* [Data for the task]:
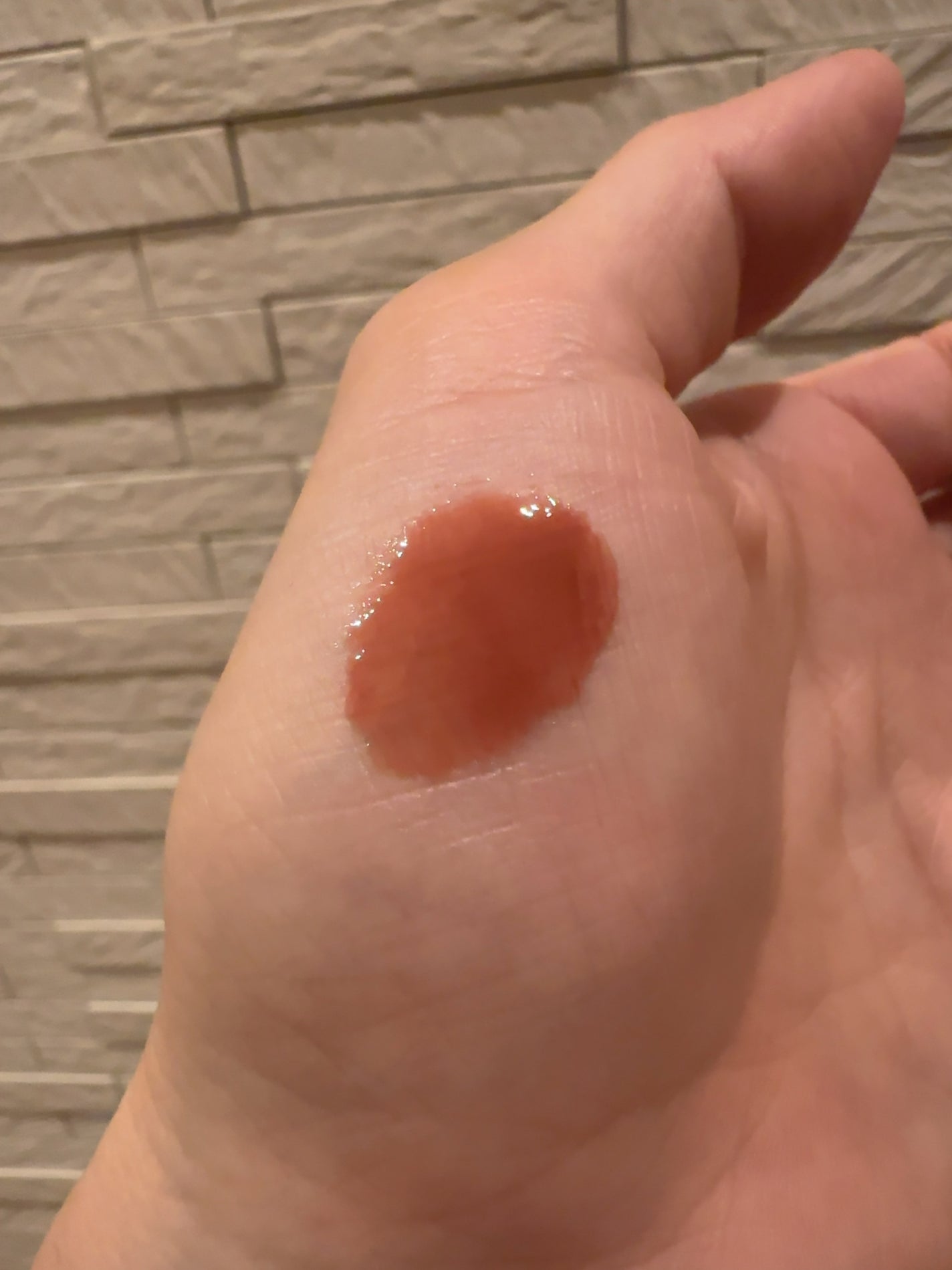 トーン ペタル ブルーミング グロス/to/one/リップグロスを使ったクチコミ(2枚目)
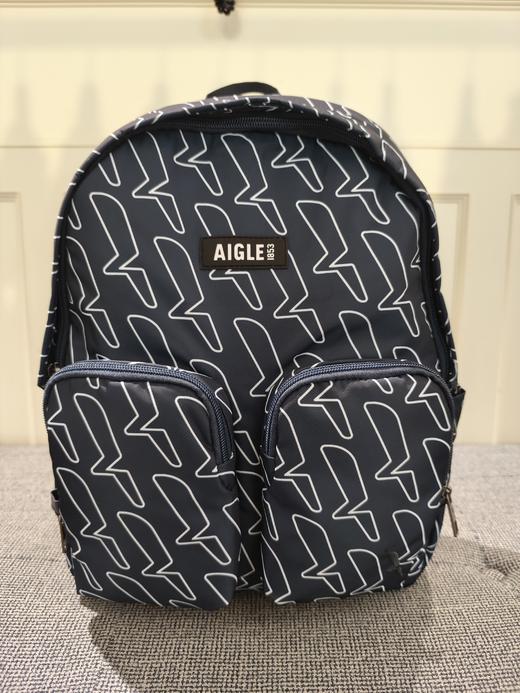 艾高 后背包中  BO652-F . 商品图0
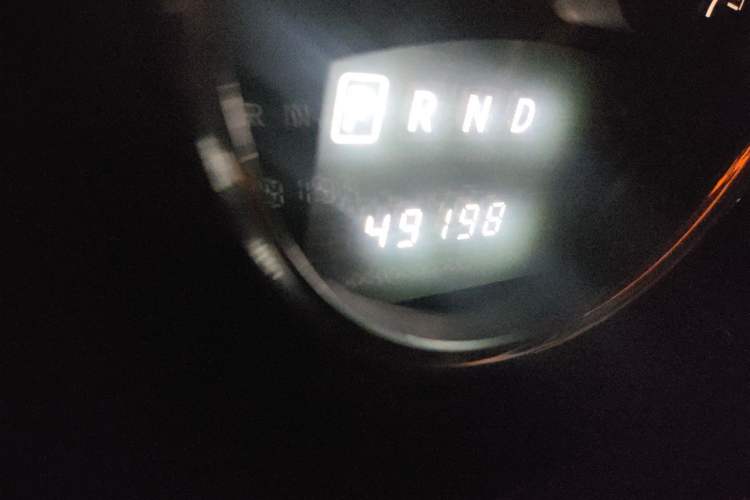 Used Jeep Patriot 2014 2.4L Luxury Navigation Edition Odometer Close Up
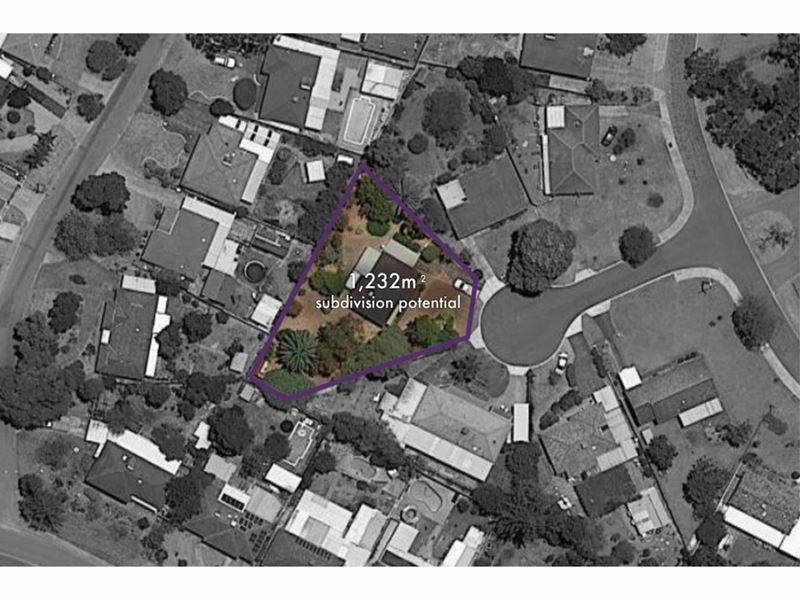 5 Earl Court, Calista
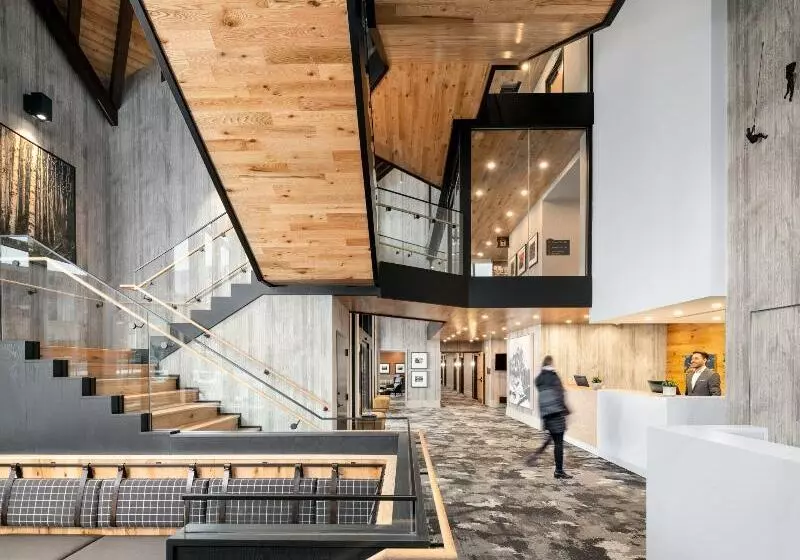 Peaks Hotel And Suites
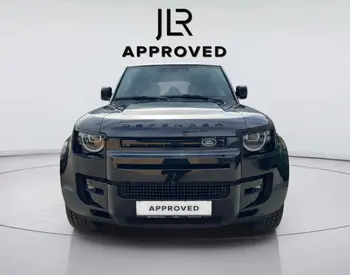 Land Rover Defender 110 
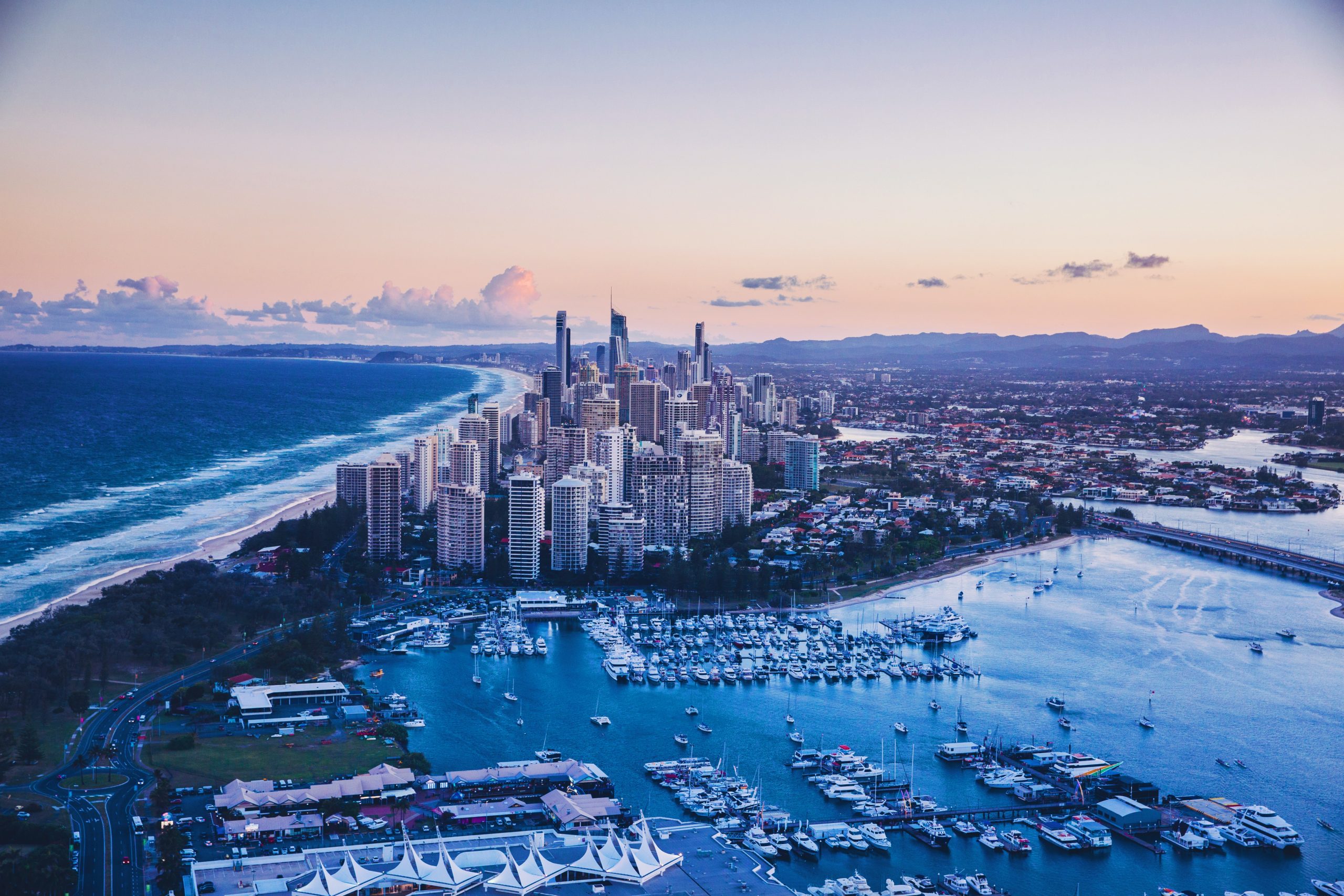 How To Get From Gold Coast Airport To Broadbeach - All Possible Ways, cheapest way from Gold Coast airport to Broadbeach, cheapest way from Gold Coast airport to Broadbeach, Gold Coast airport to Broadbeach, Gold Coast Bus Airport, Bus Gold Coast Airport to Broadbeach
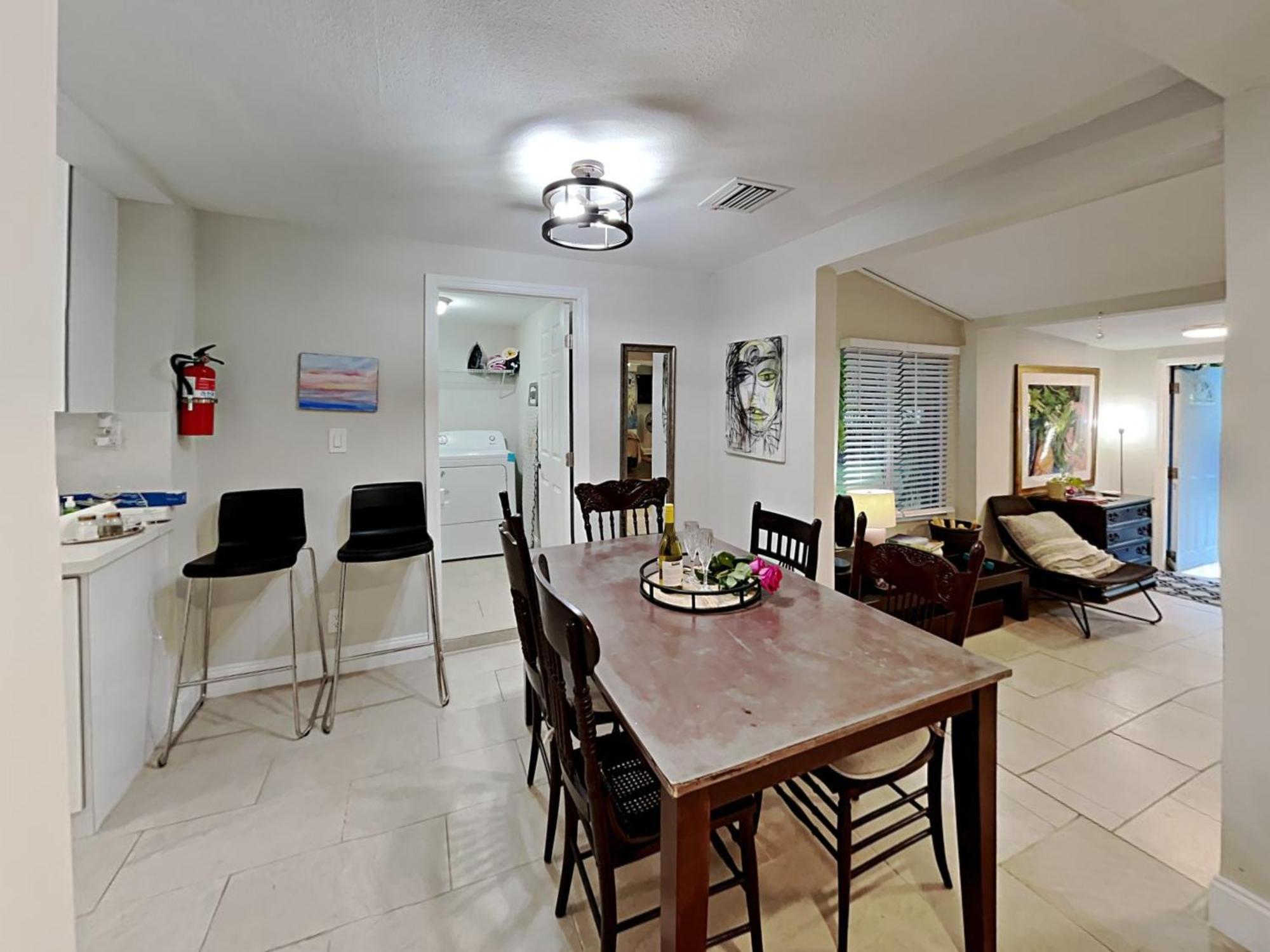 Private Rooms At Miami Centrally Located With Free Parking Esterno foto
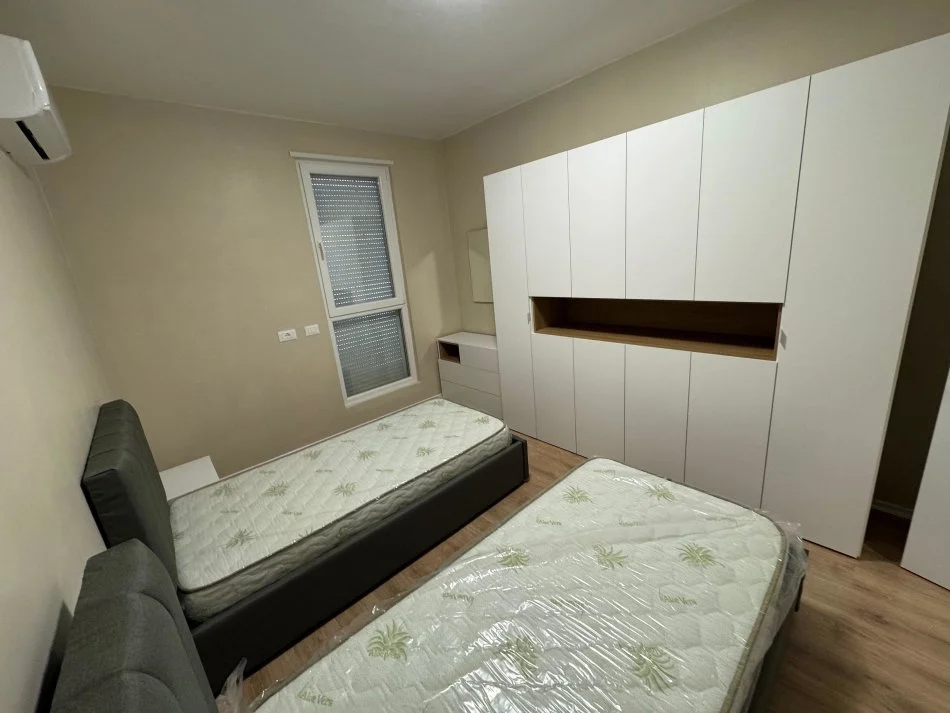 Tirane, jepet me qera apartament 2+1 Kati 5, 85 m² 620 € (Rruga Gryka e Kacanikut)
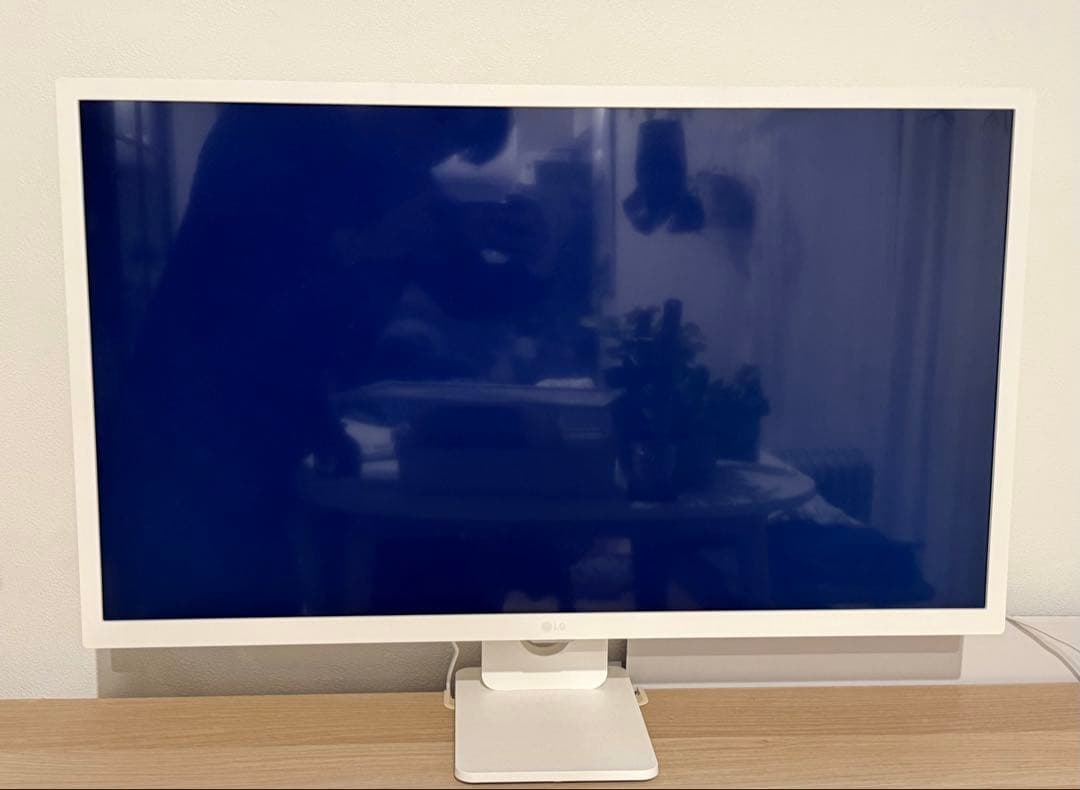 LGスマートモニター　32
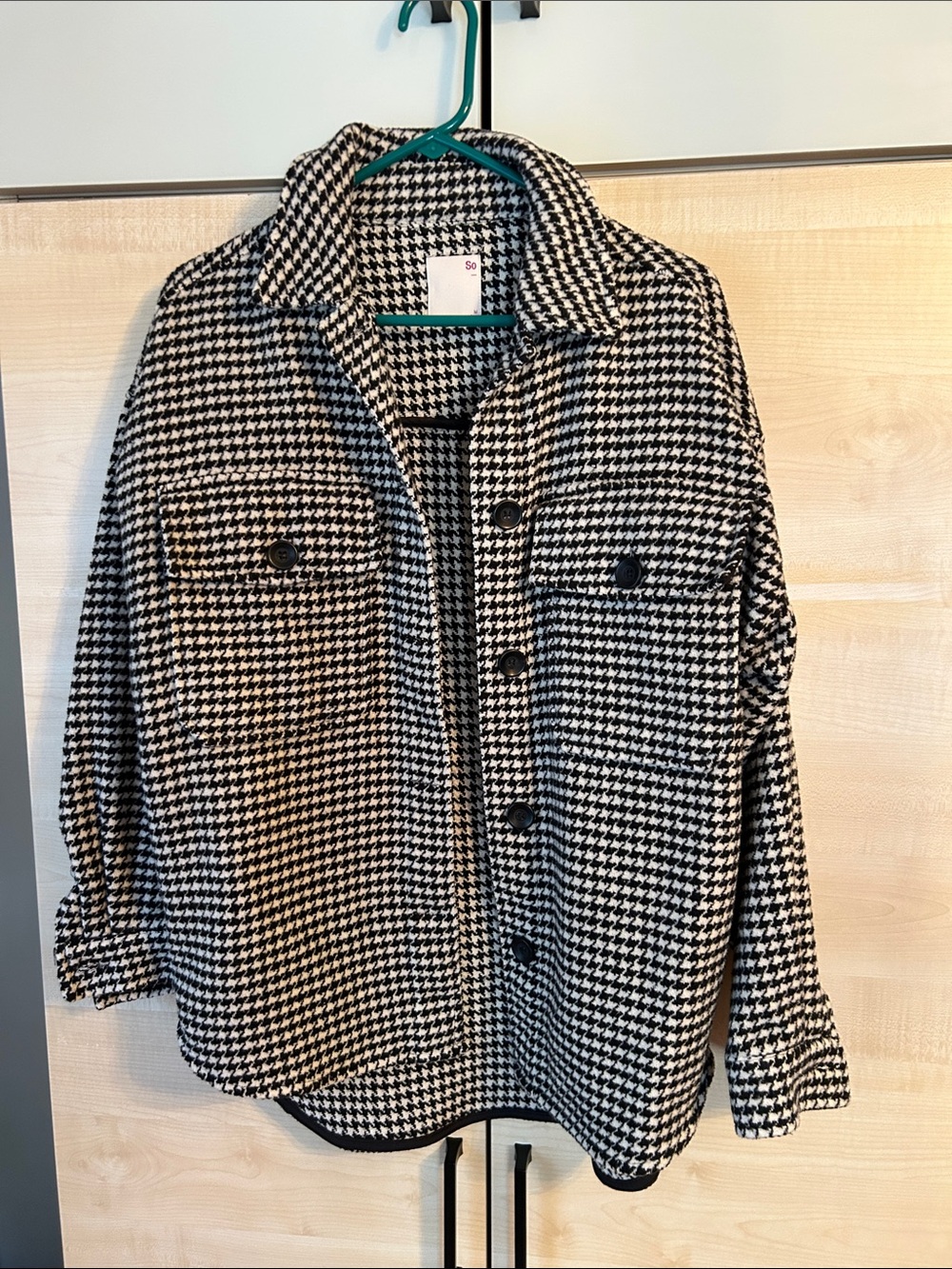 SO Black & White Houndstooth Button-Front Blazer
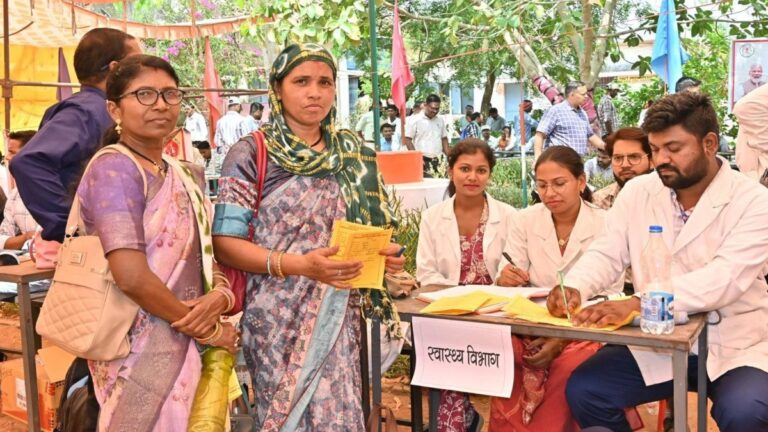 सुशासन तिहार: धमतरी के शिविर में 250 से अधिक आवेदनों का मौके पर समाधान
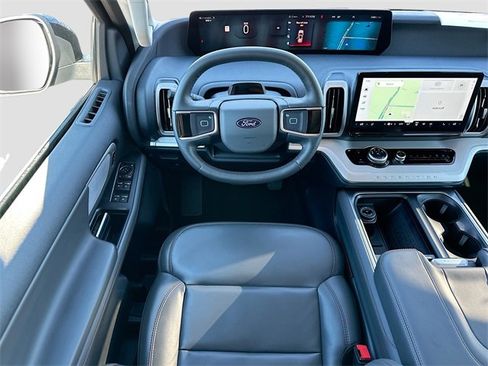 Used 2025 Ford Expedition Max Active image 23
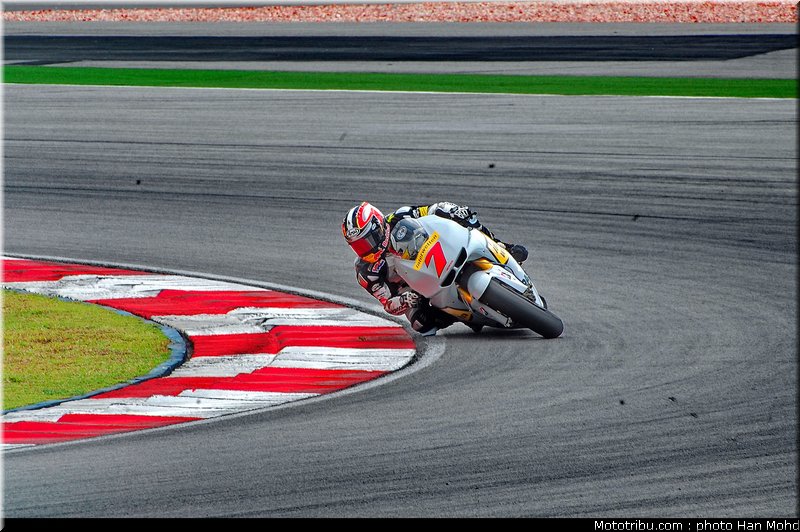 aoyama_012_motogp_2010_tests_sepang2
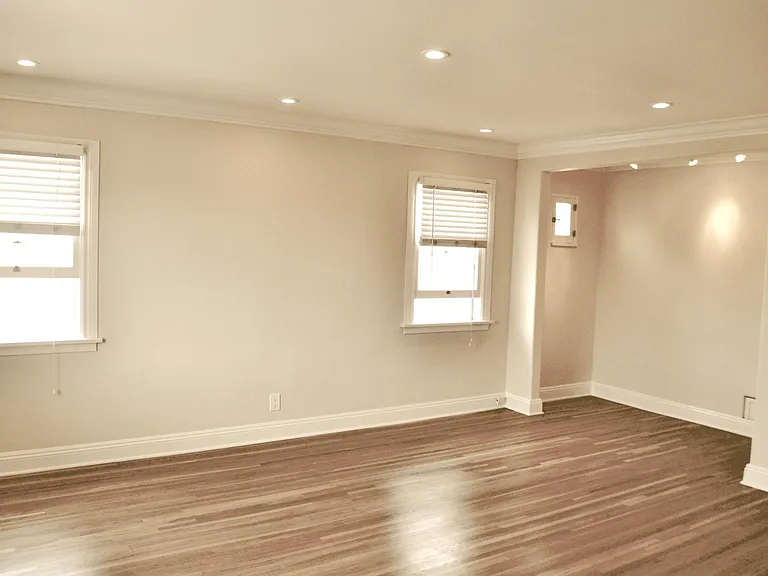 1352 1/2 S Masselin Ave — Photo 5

* [Task details]: Where the line containing "LGスマートモニター　32" appears, begin copying there and continue exactly through the final line of the records; both end lines belong in the copy, pictures do not.

* [Exercise result]:
 LGスマートモニター　32
 SO Black & White Houndstooth Button-Front Blazer
 सुशासन तिहार: धमतरी के शिविर में 250 से अधिक आवेदनों का मौके पर समाधान
 Used 2025 Ford Expedition Max Active image 23
 aoyama_012_motogp_2010_tests_sepang2
 1352 1/2 S Masselin Ave — Photo 5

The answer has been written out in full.